Die Vision im Rücken


Predigt zu Apokalypse 1,8-18

am letzten Sonntag nach Epiphanias 
in der Johanneskirche Troisdorf


Ich bin das Alpha und das Omega, spricht der Herr, der da ist und der da war und der da kommt, der Allmächtige.

Ich, Johannes, euer Bruder und Mitgenosse an der Bedrängnis und am Reich und an der Geduld in Jesus, war auf der Insel, die Patmos heißt, um des Wortes Gottes willen und des Zeugnisses von Jesus.

Ich wurde vom Geist ergriffen am Tag des Herrn und hörte hinter mir eine große Stimme wie von einer Posaune, die sprach: Was du siehst, das schreibe in ein Buch und sende es an die sieben Gemeinden: nach Ephesus und nach Smyrna und nach Pergamon und nach Thyatira und nach Sardes und nach Philadelphia und nach Laodizea.

Und ich wandte mich um, zu sehen nach der Stimme, die mit mir redete.
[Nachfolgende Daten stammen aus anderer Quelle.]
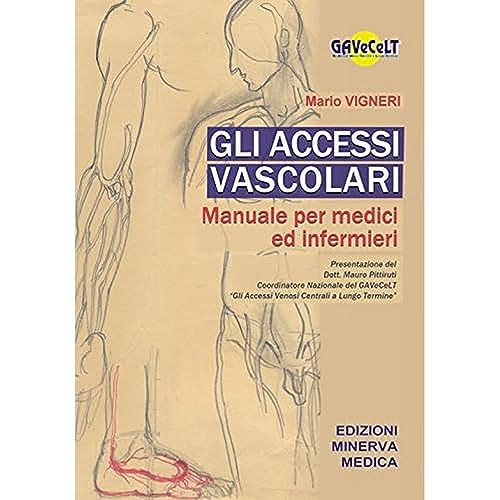 9788877119377: Minerva Gli accessi vascolari. Manuale per medici e infermieri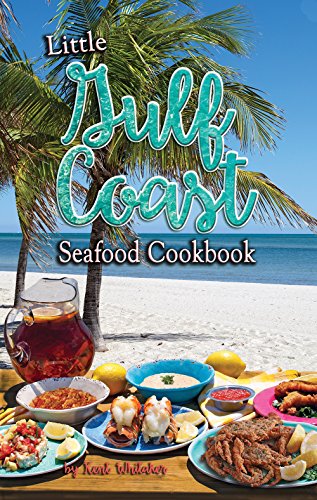 Télécharger Little Gulf Coast Seafood Cookbook (English Edition) PDF Ebook En Ligne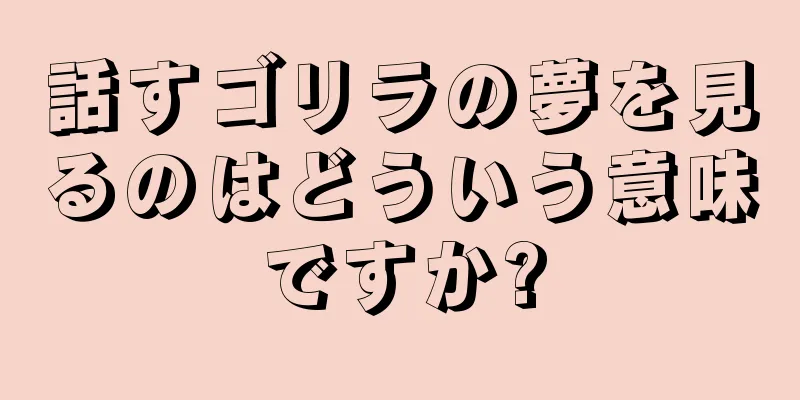 話すゴリラの夢を見るのはどういう意味ですか?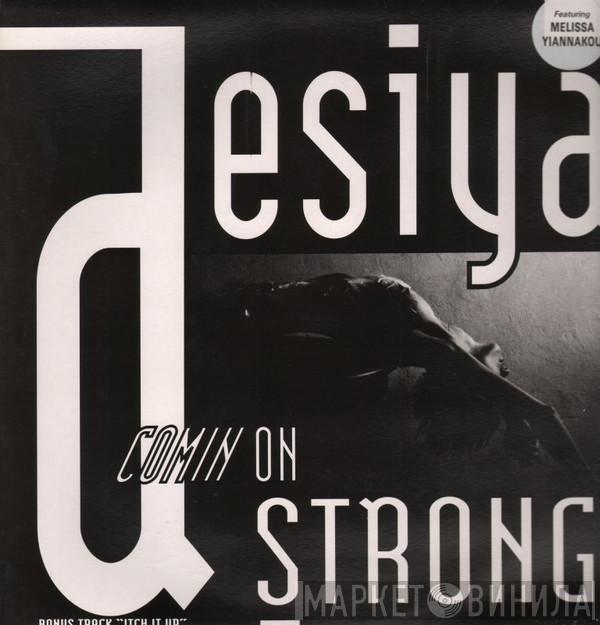  Desiya  - Comin On Strong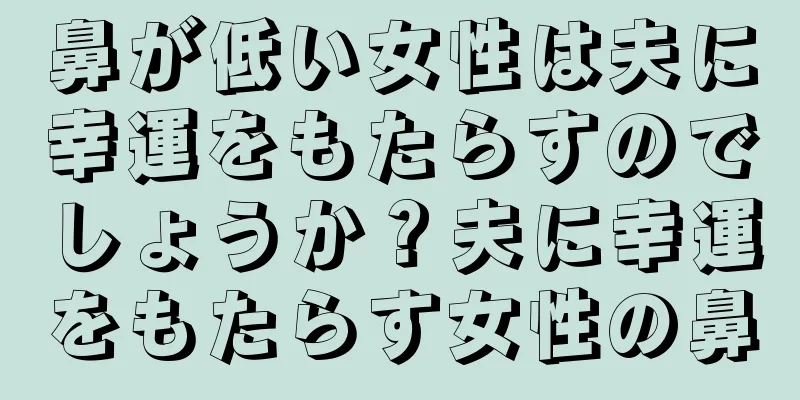 鼻が低い女性は夫に幸運をもたらすのでしょうか？夫に幸運をもたらす女性の鼻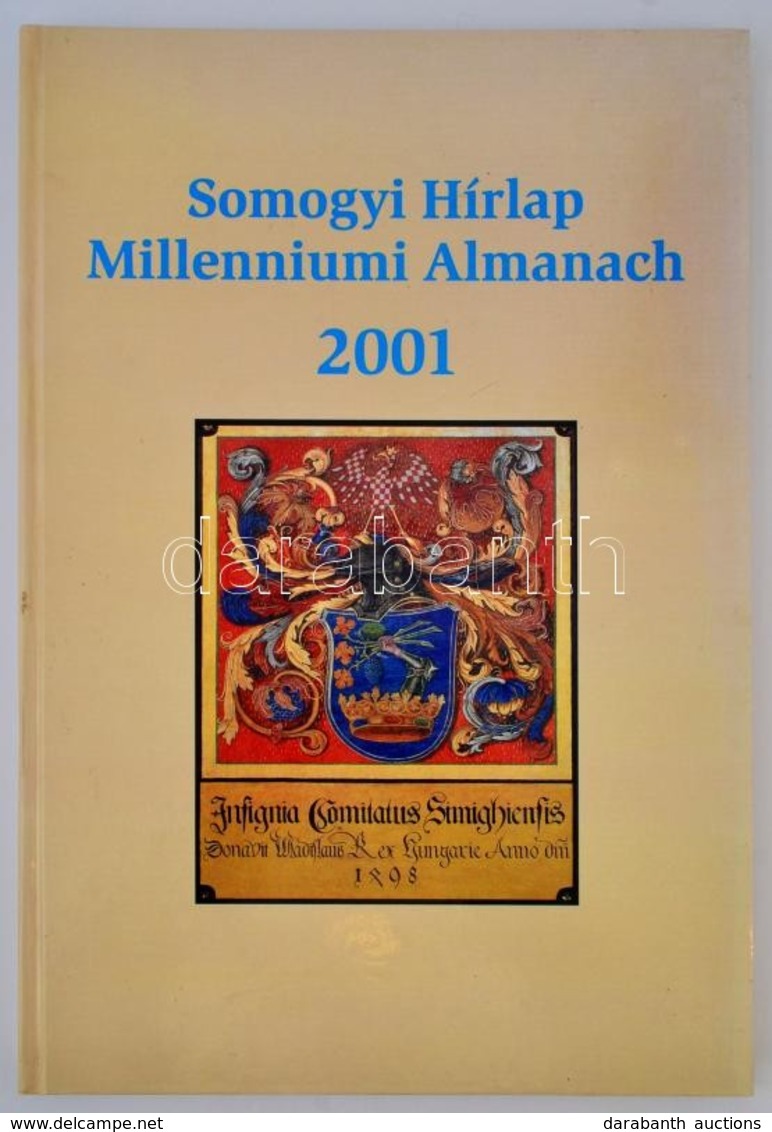 Somogyi Hírlap Millenniumi Almanach 2001. Szerk.: Dr. Kercza Imre. Kaposvár, 2001, Axel Springer. Kiadói Kartonált Papír - Zonder Classificatie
Und als ich mich umwandte, sah ich sieben goldene Leuchter und mitten unter den Leuchtern einen, der war einem Menschensohn gleich, angetan mit einem langen Gewand und gegürtet um die Brust mit einem goldenen Gürtel. Sein Haupt aber und sein Haar war weiß wie weiße Wolle, wie der Schnee, und seine Augen wie eine Feuerflamme und seine Füße wie Golderz, das im Ofen glüht, und seine Stimme wie großes Wasserrauschen; und er hatte sieben Sterne in seiner rechten Hand, und aus seinem Munde ging ein scharfes, zweischneidiges Schwert, und sein Angesicht leuchtete, wie die Sonne scheint in ihrer Macht.

Und als ich ihn sah, fiel ich zu seinen Füßen wie tot; und er legte seine rechte Hand auf mich und sprach zu mir: Fürchte dich nicht! Ich bin der Erste und der Letzte und der Lebendige. Ich war tot, und siehe, ich bin lebendig von Ewigkeit zu Ewigkeit und habe die Schlüssel des Todes und der Hölle.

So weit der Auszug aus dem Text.